Anche da Bankitalia sì alla manovra
L’indicazione della Commissione Ue, ieri, è stata perentoria: in mancanza di “quel” segnale di rientro in carreggiata sul versante dei conti pubblici, ovvero una manovra da 3,4 miliardi da realizzare entro aprile, l’Italia finirà sotto procedura d’infrazione per la regola del debito.
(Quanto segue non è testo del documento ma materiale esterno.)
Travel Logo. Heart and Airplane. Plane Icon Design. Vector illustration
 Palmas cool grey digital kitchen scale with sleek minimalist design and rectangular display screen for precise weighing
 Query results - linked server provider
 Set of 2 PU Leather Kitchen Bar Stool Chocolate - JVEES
Con il linguaggio felpato della moral suasion e una maggior condivisione delle finalità di sostegno alla crescita della politica economica messa in atto dal governo italiano, il direttore generale della Banca d’Italia, Salvatore Rossi, ha spiegato il giorno prima in tv che sì, vale proprio la pena, di realizzare oggi un modesto intervento correttivo in corso d’anno, perché «nel medio termine, lo sviluppo economico non si fa con il debito pubblico». L’Italia non può permettersi di dimenticare che il livello e la dinamica del debito pubblico giocano un ruolo chiave per la fiducia degli interlocutori esterni nel nostro paese. Esistono dubbi che vanno dissipati sul nascere, se perfino i super ispettori del Fondo monetario (non solo le malevole “streghe” del mercato Dbrs, Moody's o Fitch)quando vengono in visita di aggiornamento sull’Italia, si informano, come prima domanda, sulla sostenibilità del debito nel nostro paese. Dopodiché, vi sono pur sempre molte buone carte da far valere: per esempio, una struttura solida della composizione del debito pubblico, la cui vita media è salita a 7,3 anni, con una quota di Bot scesa sotto il 6 per cento del totale dei titoli. E c’è ancora, in ogni caso, un avanzo primario strutturale che garantisce la salute della nostra finanza pubblica (come attesta anche l’indicatore di sostenibilità della Commissione Ue).
Però ci sono anche situazioni nelle quali continuiamo a farci del male da soli, direbbe Nanni Moretti. È il caso degli investimenti pubblici, ai quali tutti, sulle due sponde dell’Atlantico, riconoscono un ruolo essenziale per far ripartire la crescita.